Surprisingly, no correlation was detected between axon and dendrite defects in isl mutants. Although 5 of 26 RP3 neurons displayed defects in both axons and dendrites in isl mutants, 12 of 26 neurons showed defects in one process but not the other). A similar analysis in fra mutants revealed that 8 of 22 RP3 neurons displayed defects in both muscle 6/7 innervation and dendrite position, whereas 8 of 22 displayed normal targeting in one process but not the other. These data suggest that axon and dendrite targeting can occur independently within an individual RP3 neuron and that the central targeting defects observed in isl mutants are not likely to be secondary to defects in muscle innervation (Santiago, 2017).

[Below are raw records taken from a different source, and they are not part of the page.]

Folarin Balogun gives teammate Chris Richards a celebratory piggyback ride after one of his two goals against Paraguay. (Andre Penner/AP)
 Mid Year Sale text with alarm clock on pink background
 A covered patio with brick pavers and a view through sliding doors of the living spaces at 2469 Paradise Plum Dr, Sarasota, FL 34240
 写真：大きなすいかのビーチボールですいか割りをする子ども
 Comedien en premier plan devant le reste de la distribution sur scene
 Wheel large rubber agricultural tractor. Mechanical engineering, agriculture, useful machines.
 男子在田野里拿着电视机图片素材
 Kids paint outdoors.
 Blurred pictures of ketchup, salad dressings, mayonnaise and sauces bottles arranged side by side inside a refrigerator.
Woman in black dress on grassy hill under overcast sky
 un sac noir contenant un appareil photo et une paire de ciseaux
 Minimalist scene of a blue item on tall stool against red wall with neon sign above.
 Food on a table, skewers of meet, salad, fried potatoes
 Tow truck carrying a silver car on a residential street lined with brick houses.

It was next asked whether isl and fra regulate dendrite development in other classes of motor neurons. RP1 and RP4 also express isl, fra, and lim3b-Gal4. A requirement was detected for isl in regulating fra expression in RP1, but not in RP4, at stage 15. Interestingly, most RP1 neurons, like RP3 neurons, retain high levels of fra at this stage, whereas few RP4 neurons express fra in late-stage control embryos. Previous descriptions of RP1 and RP4 neurons indicate that they form contralateral dendritic arbors of distinct morphologies; RP1's dendritic arbor is taller and found more medially. However, because the axons of RP1 and RP4 target adjacent muscles external to muscles 6 and 13, and their cell bodies are found close to the midline at a similar dorsal-ventral position, they could not nr unambiguously distinguished in single-cell labeling experiments. Nevertheless, when RP1 and RP4 neurons were scored together, a significant lateral shift was observed in the position of RP1 and RP4 dendrites in isl mutants compared with heterozygous siblings: 3 of 22 RP1 and RP4 dendritic arbors were excluded from the intermediate zone in isl heterozygous embryos (14%) compared with 16 of 22 in mutant embryos. A similar phenotype was detected in RP1 and RP4 dendrites in fra mutants. Specifically, 6 of 24 RP1 and RP4 dendritic arbors were excluded from the intermediate zone in heterozygotes (25%) compared with 17/19 in fra mutants. Although additional work will be necessary to determine whether the defects in dendrite position that were detect in RP1 and RP4 neurons in isl mutants correlate with changes in fra expression, these data demonstrate that Isl is required for high levels of fra expression in at least two classes of motor neurons (RP1 and RP3), both of which require isl and fra for dendritic targeting (Santiago, 2017).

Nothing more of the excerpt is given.